In distributed systems, availability and consistency are the most basic prevailing issues, for which reason their relationship has been the subject of extensive study. The well-known CAP theorem defines their relationship as mutually exclusive in large-scale distributed environments, where the third factor in such systems, partition tolerance, cannot be treated as a variable. In an attempt to circumvent these issues, the Turing-award winning Paxos Protocol has since been proposed to maximize the efficiency of availability and consistency in such systems. To further address issues prevalent in this the Paxos algorithm, the ZAB Protocol was subsequently developed from an original algorithm, going well beyond basic optimization to improve on its predecessor.

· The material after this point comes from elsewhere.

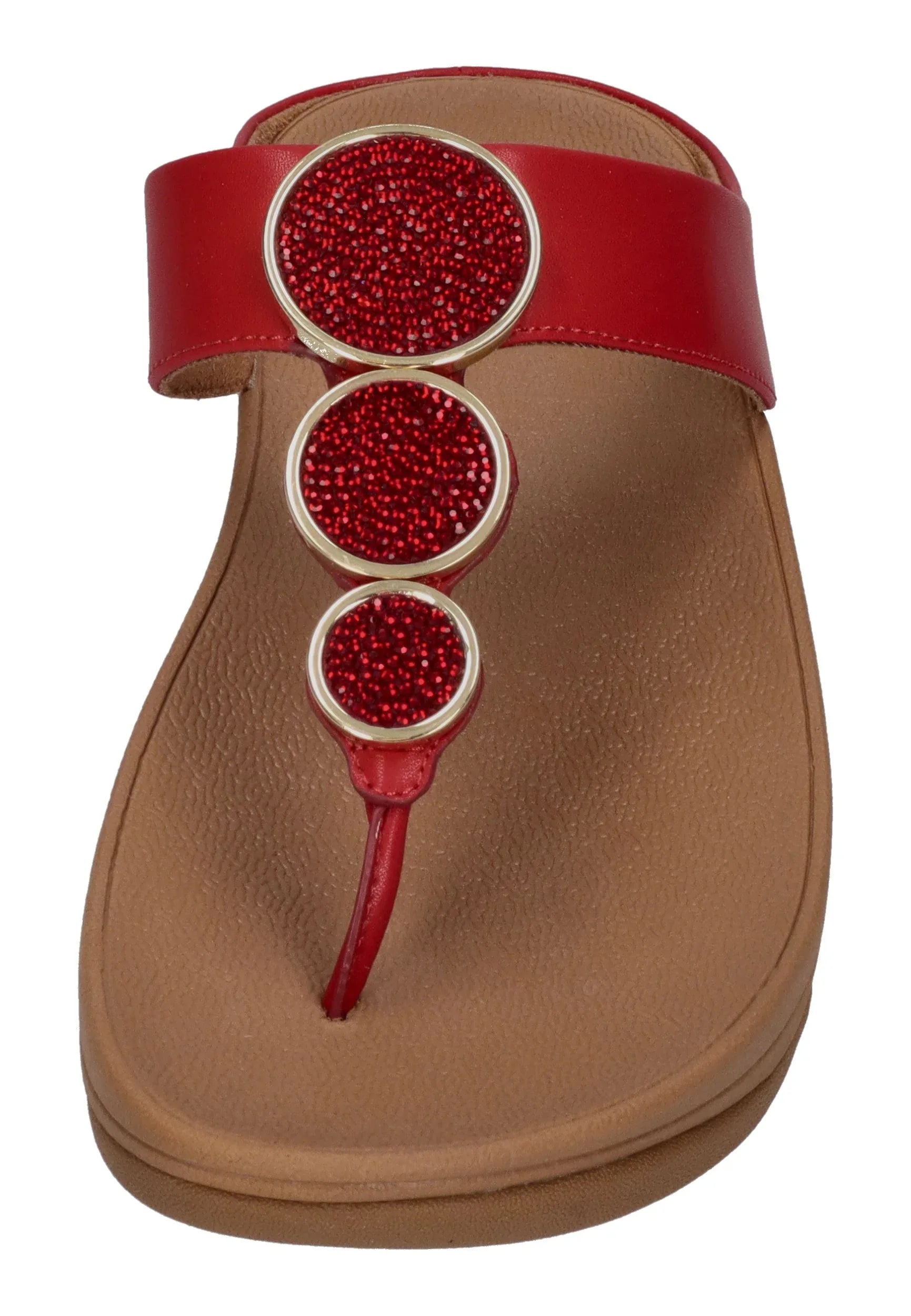 FITFLOP Damen Zehentrenner HALO BEAD-CIRCLE METALLIC burnt berry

Drawing on insights from senior Alibaba technical expert Jiandu, this article introduces the CAP theorem and outlines how the above-mentioned algorithms are applied to distributed systems to better balance availability, consistency, and partition tolerance.

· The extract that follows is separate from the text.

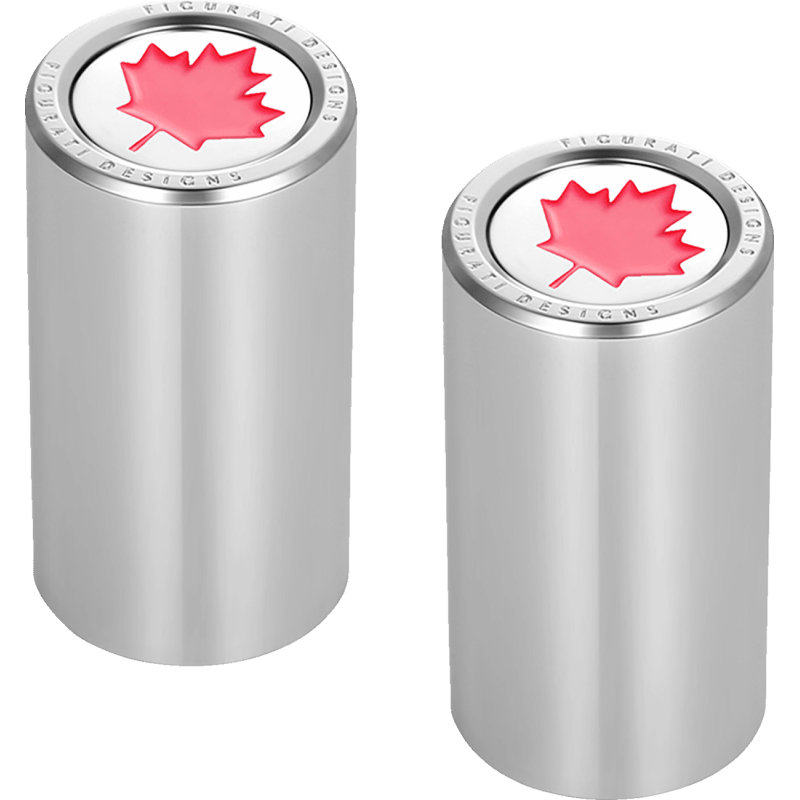 FIGURATI DESIGNS RED MAPLE LEAF DOCKING COVERS 25X46MM - DRIVEN Canada's Powersports FD03 - 25.2/46.5 - SS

Distributed systems are systems of components that are located on different networked computers and communicate and coordinate their actions by passing messages to each other. Within these systems, consistency is a status where all nodes (or components) can access the latest version of data, which is easy to implement in a stand-alone scenario by using shared memory and locks.
Nevertheless, there are two major limitations to data storage in a stand-alone machine. Firstly, stand-alone machine failure leads to the entire system being unavailable. Secondly, system throughput is limited by the computing power of the stand-alone machine.
These two restrictions, however, can be overcome by using multiple machines to store multiple copies of the data. In this scenario, the client responsible for the update simultaneously updates multiple copies of the data. This then raises the potential problem of the network between multiple machines not being able to connect. If that is the case, the client responsible for updating would not be able to connect to multiple machines at once, making it impossible to ensure that the latest version of the data could be read on all clients.
To illustrate this, let’s take the example shown below with three clients and two servers. Client A is responsible for updating data. To ensure that the data on Server 1 and Server 2 are consistent, Client A sends the write of X=1 to Server 1 and Server 2 simultaneously. But when a network partition (an unavailable network) occurs between Client A and Server 2, if the write of X=1 on Server 1 is successful, then Client B and Client C will read inconsistent values of X from Server 1 and Server 2. To maintain the consistency of the X value, the write of X=1 must fail on both Server 1 and Server 2. This type of scenario is incorporated into the CAP theorem, which states that under the premise of tolerating network partitions, either the consistency of data or the availability of write operations must be sacrificed.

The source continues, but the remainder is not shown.